Szenografie wird als Weiterentwicklung des klassischen Bühnenbilds verstanden beziehungsweise auch als “Kunst der Inszenierung im Raum”. Neben der Verortung im Theaterbereich findet man Szenografie auch in künstlerischen Ausstellungen: Performances und Installationen sind wesentliche Bestandteile szenografischer Arbeiten, die sich in der freien Kunst wiederfinden.

Mich fasziniert an der Szenografie, dass ich durch meine Arbeit am Theater jedes Mal neue Perspektiven für Stücke finden kann. Auch wenn die Texte zum Teil über 2000 Jahre alt sind, kann ich diese durch zeitgenössische und ungewöhnliche Bühnendesigns immer wieder neu erzählen. Durch meinen konkreten und klaren Stil bekommen die Bühnen zudem eine Ebene, die viel Raum für Interpretation lässt. Wenn ich sehe, wie die Arbeit der Darsteller:innen zusammen mit meiner wochenlangen Vorbereitung und Gestaltung eine Symbiose eingeht, bedeutet das für mich enorme persönliche Erfüllung.

Warum hast du dich für die Welt des Theaters entschieden?

In meiner Jugendzeit habe ich mich bereits immer wieder am Theater herumgetrieben. Damals vor allem als Musiker in verschiedenen Jugendtheaterproduktionen. Mir gefällt seither das Flair in diesen Häusern und der Alltag ist sehr facettenreich und unvorhersehbar.
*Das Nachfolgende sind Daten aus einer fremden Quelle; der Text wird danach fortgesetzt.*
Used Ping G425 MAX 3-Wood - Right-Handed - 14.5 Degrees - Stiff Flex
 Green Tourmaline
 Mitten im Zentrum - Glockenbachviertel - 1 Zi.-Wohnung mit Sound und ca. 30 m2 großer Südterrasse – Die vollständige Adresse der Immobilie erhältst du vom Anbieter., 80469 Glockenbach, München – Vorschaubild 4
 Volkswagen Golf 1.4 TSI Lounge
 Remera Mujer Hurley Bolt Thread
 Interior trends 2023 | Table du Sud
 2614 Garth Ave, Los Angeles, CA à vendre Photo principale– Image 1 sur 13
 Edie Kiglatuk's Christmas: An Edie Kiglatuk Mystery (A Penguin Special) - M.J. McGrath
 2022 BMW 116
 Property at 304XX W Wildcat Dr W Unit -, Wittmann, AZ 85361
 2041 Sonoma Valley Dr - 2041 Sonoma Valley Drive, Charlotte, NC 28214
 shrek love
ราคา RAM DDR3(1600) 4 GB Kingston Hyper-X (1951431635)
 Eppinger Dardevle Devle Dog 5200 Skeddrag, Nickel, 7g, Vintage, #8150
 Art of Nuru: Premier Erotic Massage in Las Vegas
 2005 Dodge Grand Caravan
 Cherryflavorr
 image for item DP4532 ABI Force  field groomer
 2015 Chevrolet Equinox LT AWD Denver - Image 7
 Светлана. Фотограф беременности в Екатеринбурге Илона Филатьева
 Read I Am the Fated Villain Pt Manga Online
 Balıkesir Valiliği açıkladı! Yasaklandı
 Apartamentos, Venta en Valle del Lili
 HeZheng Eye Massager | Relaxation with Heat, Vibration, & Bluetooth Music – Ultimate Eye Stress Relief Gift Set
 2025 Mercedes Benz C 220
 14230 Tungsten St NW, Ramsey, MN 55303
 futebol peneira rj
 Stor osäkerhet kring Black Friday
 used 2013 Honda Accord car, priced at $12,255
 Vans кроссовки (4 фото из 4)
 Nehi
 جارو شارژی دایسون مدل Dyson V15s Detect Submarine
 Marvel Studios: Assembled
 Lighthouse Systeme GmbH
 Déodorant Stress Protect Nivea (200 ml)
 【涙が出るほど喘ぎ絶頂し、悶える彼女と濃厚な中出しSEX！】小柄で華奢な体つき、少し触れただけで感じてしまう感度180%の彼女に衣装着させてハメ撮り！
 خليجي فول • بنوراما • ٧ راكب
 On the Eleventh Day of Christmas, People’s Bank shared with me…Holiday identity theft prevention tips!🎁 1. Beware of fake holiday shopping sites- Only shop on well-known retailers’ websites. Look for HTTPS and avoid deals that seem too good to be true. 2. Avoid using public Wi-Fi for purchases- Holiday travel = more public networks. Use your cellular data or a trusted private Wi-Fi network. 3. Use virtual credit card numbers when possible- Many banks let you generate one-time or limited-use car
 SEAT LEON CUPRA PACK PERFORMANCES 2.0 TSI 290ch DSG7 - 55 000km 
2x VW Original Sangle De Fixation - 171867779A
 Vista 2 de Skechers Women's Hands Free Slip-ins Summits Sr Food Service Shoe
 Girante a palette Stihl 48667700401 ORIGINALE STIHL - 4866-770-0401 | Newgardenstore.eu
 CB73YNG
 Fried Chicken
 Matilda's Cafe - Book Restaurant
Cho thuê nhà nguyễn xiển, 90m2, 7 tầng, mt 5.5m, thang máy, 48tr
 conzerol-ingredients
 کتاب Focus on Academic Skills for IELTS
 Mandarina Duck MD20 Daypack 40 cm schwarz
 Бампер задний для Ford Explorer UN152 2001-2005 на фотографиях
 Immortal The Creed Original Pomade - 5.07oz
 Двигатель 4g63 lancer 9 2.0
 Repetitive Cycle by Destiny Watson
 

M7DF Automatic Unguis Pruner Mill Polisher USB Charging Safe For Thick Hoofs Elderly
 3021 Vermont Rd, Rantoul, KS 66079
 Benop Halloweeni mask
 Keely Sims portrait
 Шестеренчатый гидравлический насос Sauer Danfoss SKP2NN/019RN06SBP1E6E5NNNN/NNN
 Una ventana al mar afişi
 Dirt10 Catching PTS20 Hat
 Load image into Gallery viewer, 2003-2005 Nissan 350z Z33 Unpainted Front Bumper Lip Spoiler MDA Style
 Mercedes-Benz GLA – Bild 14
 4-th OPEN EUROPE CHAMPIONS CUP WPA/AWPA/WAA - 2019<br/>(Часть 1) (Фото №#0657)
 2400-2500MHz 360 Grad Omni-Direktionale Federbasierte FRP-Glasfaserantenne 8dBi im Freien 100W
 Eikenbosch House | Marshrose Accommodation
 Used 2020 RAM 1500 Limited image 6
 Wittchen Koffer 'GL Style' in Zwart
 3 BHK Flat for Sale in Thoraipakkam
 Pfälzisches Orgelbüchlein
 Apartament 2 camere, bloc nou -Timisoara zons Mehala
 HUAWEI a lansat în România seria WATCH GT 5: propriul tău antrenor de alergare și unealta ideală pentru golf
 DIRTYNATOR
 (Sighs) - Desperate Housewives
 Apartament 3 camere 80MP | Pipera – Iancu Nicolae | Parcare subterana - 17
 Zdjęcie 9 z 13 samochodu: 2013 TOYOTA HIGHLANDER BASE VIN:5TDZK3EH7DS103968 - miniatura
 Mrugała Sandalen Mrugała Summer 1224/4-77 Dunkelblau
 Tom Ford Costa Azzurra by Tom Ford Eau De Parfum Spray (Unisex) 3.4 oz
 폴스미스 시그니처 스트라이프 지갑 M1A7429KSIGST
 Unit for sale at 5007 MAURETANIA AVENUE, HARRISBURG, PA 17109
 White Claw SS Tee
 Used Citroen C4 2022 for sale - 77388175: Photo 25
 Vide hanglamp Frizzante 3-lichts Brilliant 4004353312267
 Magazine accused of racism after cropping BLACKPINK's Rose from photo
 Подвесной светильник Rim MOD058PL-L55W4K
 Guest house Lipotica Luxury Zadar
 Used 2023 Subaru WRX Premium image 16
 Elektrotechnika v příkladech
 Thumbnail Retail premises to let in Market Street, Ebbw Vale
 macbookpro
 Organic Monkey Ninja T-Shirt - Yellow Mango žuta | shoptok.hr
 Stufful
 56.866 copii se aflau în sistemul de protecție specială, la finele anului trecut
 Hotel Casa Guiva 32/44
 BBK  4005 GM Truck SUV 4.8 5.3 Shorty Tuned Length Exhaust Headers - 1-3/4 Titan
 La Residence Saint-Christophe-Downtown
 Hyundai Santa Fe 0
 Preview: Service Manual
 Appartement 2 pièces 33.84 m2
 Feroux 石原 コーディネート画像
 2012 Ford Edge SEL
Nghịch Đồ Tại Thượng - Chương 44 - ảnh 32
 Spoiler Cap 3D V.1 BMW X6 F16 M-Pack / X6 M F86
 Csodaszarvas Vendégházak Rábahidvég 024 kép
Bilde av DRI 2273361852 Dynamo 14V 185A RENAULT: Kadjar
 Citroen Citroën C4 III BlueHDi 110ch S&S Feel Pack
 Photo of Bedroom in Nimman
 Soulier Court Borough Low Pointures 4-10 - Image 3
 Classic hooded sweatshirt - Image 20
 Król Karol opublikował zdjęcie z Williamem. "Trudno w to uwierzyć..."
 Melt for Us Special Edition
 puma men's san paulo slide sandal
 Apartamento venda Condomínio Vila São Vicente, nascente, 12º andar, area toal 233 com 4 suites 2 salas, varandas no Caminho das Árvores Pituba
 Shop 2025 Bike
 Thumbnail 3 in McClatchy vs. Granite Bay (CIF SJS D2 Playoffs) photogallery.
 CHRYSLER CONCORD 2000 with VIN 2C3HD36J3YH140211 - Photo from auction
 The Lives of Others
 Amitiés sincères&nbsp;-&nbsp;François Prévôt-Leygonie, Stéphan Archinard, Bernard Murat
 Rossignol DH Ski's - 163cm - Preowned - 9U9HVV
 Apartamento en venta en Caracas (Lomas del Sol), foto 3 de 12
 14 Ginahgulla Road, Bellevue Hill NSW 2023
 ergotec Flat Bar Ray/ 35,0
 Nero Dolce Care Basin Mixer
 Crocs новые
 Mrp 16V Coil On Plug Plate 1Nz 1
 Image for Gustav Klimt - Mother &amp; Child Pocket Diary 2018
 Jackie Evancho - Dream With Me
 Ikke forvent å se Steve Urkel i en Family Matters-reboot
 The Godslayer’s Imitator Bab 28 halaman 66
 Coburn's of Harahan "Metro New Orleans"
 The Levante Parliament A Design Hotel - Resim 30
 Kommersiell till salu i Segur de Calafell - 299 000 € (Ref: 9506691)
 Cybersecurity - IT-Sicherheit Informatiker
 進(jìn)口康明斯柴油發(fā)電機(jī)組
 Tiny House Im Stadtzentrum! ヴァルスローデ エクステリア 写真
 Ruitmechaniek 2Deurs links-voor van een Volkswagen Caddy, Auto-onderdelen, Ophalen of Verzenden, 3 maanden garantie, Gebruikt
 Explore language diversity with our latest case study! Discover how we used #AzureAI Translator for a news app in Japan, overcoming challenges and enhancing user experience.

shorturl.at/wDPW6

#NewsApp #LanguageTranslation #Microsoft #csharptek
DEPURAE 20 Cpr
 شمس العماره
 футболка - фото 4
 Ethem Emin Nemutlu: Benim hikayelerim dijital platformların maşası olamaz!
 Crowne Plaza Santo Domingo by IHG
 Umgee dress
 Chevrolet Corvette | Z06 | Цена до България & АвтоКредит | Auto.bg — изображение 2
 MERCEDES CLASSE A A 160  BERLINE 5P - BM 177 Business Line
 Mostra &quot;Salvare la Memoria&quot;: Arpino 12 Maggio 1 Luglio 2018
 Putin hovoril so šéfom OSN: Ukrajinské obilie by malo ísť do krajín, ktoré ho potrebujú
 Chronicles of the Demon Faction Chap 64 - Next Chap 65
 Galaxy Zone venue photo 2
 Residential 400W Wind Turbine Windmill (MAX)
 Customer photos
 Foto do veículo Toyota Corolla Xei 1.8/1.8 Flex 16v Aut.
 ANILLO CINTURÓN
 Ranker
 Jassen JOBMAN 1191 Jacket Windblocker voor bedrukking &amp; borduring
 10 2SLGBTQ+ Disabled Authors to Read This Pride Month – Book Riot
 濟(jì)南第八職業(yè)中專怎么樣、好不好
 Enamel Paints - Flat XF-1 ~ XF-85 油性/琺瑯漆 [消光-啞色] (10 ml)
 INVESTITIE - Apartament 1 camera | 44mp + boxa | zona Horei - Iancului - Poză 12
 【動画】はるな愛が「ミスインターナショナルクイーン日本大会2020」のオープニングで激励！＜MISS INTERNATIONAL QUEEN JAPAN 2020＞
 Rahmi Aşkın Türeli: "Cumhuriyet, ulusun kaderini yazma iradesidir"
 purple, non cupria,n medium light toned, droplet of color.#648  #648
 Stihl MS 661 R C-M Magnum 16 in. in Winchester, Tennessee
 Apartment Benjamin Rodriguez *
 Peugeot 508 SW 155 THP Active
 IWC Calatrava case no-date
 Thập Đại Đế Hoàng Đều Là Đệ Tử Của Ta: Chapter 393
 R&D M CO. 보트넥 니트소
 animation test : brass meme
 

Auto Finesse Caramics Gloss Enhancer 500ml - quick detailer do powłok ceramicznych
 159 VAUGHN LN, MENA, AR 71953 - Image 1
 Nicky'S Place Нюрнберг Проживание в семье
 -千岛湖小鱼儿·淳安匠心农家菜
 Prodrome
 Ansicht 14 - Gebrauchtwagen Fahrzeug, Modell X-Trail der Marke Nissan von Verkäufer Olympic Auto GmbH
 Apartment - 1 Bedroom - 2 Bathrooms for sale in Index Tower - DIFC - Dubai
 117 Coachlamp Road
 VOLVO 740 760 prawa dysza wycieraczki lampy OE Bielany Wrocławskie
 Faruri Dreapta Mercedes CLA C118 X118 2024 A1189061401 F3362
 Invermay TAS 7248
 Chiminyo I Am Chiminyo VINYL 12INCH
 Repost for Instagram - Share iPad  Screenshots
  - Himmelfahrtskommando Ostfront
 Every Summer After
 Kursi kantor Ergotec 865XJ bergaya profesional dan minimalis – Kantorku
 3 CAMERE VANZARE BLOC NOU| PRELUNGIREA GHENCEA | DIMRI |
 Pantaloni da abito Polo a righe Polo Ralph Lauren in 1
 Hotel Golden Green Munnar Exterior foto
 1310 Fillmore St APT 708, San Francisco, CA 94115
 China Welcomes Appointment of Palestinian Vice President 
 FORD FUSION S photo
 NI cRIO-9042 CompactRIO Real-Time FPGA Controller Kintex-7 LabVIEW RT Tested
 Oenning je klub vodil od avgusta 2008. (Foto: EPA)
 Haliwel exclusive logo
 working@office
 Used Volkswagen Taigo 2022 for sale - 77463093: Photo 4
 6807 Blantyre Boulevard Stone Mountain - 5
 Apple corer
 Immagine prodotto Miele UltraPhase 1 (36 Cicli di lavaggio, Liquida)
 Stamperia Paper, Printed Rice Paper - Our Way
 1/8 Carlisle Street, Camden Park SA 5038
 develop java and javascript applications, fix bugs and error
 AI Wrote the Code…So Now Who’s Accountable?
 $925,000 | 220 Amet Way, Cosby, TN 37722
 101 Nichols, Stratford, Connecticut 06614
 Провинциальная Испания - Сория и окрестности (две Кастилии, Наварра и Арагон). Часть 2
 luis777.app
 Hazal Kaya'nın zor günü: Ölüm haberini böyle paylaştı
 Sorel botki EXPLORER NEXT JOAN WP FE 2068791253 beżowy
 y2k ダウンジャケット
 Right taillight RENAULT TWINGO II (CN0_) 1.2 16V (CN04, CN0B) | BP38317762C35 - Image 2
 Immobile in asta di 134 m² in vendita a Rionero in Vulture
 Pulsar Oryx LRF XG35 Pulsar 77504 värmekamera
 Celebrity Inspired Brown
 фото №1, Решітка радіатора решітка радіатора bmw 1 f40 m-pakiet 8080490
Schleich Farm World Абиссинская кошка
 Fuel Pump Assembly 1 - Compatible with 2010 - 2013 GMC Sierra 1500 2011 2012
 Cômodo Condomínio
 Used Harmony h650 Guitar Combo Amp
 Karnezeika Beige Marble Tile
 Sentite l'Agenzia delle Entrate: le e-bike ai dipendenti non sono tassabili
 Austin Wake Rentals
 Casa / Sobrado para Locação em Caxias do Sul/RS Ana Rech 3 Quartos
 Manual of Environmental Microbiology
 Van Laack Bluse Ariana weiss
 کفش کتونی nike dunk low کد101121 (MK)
Nach meinem Studium der Medienkunst an der Bauhaus-Universität in Weimar überlegte ich zunächst, in welche Richtung ich mit meiner kreativen Arbeit gehen will. Dann habe ich mich wieder an die Zeit am Theater erinnert und schließlich in Erfurt am Theater hospitiert. Als dann eine Stelle als Ausstattungsassistent am DNT Weimar ausgeschrieben wurde, habe ich mich beworben und die Richtung war klar. Es folgten weitere Assistenzen für mehrere Produktionen, durch die ich wertvolle Erfahrungen für meine Projekte sammeln konnte. Neben Ausstattungen während meiner Assistenz folgten Anfragen von anderen Theatern. Wie von selbst ebnete sich der Weg in die Selbstständigkeit, mit dem ich seit Sommer 2020 sehr glücklich bin.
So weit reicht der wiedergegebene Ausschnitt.